Adobe has issued an out-of-cycle software patch for its ColdFusion software after security researchers found a previous patch was incomplete, and being exploited in the wild.
The story began with a Rapid7 disclosure that included CVE-2023-29298, an access control bug that gave attackers administration access to the ColdFusion Markup (CFM) and ColdFusion Component (CFC) endpoints.
Today’s patches fix access control flaws: CVE-2023-38204 is rated 9.8 on the CVSS but hasn’t been exploited, CVE-2023-38205 rates at 7.8 and has been exploited, and CVE-2023-38206, which is rated 5.3.
“Adobe is aware that CVE-2023-38205 has been exploited in the wild in limited attacks targeting Adobe ColdFusion,” the Adobe advisory stated.

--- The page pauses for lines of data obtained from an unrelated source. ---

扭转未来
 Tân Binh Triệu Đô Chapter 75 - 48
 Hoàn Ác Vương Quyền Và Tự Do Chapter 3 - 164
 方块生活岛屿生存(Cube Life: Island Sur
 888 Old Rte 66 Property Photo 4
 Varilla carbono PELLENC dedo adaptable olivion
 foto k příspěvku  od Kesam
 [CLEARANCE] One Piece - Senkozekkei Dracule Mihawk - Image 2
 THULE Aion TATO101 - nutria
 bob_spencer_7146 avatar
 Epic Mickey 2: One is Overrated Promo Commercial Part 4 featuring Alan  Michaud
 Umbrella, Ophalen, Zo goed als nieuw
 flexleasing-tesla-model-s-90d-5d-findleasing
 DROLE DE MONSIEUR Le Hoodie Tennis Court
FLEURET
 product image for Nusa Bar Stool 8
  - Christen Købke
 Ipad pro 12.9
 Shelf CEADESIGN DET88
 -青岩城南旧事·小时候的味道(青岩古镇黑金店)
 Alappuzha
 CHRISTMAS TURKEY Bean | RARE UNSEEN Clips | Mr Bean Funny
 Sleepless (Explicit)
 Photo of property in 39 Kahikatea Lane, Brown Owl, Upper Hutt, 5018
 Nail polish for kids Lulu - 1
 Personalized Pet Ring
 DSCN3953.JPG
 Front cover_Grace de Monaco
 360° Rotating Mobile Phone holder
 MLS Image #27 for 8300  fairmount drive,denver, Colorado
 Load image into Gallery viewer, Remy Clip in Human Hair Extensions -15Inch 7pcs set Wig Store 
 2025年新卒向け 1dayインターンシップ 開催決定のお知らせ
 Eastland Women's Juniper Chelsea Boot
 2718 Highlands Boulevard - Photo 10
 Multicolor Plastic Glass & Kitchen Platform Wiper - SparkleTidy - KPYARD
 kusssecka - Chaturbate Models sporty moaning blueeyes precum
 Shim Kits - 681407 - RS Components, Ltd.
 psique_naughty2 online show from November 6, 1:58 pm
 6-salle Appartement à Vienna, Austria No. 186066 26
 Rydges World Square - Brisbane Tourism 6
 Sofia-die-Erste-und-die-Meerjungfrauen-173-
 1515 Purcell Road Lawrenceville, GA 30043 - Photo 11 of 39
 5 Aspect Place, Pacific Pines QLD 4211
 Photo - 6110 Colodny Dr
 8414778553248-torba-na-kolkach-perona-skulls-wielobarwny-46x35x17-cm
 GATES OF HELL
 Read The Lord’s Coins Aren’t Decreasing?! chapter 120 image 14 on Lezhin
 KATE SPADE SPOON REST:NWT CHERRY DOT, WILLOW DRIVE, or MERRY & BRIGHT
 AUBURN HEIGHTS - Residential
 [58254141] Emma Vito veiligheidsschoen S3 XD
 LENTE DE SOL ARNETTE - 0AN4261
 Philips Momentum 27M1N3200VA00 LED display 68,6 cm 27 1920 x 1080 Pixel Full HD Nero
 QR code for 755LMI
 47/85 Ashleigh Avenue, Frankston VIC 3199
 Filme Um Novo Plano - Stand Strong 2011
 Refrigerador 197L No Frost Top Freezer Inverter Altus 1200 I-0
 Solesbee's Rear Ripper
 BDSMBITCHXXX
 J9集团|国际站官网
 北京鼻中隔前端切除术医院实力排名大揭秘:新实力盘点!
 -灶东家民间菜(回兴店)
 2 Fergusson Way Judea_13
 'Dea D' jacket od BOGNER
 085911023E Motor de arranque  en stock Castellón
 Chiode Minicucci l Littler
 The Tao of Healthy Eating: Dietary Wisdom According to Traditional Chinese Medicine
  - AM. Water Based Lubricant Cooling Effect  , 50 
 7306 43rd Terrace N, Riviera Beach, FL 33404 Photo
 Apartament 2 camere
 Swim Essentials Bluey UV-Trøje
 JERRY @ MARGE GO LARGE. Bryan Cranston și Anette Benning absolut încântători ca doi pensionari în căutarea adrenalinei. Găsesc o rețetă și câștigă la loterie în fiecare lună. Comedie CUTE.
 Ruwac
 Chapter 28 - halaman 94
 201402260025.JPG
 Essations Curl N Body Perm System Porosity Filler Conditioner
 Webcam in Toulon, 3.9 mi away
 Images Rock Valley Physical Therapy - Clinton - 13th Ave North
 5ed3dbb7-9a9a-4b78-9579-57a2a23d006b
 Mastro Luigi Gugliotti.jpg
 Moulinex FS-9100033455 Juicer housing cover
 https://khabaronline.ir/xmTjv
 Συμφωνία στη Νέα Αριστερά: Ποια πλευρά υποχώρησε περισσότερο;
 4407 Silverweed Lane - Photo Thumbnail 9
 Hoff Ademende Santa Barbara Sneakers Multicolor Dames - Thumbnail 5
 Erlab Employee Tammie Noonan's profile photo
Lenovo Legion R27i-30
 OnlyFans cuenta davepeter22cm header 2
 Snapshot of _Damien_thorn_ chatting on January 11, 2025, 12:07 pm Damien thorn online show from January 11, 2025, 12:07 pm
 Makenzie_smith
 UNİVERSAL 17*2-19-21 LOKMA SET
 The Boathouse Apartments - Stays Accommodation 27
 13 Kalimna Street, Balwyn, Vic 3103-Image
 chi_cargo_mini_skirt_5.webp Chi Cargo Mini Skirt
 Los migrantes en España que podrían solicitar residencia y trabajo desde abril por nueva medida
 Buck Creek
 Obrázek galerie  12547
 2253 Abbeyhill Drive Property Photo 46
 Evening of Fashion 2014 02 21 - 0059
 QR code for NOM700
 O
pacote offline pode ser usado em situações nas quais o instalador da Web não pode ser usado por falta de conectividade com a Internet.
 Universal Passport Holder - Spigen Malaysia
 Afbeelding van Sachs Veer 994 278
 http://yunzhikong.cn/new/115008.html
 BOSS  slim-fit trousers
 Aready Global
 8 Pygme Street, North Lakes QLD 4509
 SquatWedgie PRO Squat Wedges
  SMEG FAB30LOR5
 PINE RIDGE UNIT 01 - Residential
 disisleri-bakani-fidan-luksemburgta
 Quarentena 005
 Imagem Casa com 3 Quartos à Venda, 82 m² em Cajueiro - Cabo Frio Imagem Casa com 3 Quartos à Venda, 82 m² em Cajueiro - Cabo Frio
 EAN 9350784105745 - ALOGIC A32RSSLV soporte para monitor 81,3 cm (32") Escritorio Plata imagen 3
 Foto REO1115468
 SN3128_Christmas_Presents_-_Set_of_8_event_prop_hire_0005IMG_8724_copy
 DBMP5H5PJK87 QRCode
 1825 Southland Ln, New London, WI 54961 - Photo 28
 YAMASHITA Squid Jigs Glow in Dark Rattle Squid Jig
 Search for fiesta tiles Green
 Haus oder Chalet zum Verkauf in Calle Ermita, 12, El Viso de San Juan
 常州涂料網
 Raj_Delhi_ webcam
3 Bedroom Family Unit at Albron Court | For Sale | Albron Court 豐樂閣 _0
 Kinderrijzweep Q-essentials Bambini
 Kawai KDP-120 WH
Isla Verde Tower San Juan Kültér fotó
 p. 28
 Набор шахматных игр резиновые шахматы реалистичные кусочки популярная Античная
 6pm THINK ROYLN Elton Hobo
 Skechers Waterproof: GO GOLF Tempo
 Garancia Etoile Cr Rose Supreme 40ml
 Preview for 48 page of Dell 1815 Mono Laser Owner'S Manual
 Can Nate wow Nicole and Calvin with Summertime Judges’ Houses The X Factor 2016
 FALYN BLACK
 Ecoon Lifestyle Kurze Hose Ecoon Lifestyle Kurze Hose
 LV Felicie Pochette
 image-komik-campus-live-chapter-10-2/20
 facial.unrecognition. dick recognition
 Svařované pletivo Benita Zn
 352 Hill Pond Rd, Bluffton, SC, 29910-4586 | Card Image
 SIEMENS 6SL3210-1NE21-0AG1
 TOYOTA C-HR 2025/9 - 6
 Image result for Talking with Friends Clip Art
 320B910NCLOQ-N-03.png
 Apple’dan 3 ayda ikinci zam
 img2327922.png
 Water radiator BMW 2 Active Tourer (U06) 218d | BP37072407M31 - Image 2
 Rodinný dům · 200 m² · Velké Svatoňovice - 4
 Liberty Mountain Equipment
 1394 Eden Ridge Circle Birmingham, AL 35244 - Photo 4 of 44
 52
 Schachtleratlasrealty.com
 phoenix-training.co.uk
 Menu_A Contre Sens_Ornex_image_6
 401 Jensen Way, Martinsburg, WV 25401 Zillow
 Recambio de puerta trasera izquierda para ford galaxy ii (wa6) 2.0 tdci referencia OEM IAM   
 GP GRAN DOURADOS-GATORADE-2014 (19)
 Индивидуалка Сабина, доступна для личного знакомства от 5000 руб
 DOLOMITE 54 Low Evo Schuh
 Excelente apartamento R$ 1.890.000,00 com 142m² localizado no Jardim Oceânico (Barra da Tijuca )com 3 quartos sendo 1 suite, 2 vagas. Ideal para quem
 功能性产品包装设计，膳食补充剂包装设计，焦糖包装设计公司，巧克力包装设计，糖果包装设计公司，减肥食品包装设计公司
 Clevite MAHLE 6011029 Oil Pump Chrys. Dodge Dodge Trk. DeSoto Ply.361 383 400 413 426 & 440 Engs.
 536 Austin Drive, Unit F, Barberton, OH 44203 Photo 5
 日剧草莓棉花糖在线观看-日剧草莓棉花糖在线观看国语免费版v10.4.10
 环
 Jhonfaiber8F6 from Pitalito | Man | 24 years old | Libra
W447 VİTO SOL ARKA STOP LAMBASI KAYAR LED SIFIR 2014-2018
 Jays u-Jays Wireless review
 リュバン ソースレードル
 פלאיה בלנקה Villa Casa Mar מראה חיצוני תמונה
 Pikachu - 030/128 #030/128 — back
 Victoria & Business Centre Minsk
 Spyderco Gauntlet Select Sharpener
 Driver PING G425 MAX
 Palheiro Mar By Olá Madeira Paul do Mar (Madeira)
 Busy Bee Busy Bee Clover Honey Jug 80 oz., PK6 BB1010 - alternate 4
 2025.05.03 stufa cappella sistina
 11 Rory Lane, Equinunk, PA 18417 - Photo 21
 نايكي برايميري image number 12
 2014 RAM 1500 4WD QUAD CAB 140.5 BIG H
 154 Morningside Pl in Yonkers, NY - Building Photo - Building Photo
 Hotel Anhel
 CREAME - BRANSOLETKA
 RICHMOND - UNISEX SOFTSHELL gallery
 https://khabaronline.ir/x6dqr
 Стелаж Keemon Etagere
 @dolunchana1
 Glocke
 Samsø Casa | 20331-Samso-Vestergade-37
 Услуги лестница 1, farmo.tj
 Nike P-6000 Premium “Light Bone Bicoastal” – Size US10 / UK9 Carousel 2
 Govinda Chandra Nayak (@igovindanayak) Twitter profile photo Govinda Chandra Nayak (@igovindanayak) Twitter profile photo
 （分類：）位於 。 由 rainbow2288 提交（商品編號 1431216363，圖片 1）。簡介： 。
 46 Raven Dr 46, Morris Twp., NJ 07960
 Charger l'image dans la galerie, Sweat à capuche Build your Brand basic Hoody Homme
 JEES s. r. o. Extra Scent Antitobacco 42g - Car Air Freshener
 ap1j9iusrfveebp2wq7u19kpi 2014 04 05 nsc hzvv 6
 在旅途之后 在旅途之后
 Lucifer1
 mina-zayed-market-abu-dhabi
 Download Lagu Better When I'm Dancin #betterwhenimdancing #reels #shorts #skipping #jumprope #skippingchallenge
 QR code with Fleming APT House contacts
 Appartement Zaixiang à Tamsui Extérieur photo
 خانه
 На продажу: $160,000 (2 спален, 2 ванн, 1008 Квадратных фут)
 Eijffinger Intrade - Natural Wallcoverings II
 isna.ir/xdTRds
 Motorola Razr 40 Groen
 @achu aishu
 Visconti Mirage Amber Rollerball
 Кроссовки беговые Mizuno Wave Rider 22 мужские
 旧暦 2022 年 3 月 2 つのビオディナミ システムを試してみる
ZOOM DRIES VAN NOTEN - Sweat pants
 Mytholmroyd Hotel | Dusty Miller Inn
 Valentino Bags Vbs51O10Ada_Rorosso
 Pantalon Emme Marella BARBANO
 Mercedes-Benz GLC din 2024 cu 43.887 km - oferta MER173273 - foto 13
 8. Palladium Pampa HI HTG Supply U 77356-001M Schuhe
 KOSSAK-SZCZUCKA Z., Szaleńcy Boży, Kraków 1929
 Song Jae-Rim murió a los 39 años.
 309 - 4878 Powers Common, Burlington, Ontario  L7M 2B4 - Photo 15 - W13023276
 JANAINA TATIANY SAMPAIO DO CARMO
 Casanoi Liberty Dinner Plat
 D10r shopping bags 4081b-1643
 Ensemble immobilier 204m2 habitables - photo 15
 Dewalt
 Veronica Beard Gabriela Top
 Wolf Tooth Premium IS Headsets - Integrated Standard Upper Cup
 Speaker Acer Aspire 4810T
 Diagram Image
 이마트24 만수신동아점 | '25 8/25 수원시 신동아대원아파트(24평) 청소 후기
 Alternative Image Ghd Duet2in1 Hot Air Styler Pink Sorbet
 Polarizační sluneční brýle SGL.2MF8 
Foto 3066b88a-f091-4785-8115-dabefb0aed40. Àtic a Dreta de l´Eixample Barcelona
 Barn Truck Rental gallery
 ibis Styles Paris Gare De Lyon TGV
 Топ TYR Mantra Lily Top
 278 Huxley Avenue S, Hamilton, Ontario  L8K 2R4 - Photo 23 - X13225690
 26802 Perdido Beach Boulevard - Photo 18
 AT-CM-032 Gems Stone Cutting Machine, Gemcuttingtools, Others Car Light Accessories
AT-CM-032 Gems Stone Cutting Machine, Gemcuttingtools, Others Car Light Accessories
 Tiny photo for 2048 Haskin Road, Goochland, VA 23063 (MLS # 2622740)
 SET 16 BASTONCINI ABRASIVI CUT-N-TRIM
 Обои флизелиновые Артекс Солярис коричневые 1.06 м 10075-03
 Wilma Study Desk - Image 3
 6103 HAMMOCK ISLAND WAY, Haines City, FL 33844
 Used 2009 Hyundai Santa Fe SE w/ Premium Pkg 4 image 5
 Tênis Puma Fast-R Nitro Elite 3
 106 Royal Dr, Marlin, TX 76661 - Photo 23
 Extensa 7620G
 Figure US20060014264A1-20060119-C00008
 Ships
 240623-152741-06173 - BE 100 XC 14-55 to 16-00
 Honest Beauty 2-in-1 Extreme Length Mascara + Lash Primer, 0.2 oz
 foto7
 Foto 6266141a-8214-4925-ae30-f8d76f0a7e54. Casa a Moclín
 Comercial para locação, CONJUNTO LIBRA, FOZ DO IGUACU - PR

CVE-2023-38205, Rapid7 said, was needed because a fix published earlier this month was incomplete: “Rapid7 researchers determined on Monday, July 17 that the fix Adobe provided for CVE-2023-29298 on July 11 is incomplete, and that a trivially modified exploit still works against the latest version of ColdFusion,” the company said.
“Adobe released a fix for the patch bypass of CVE-2023-29298 on July 19 and assigned it CVE-2023-38205.
“Rapid7 has confirmed the new patch works.”
Rapid7’s post identifies three IP addresses and two domains that are indicators of compromise.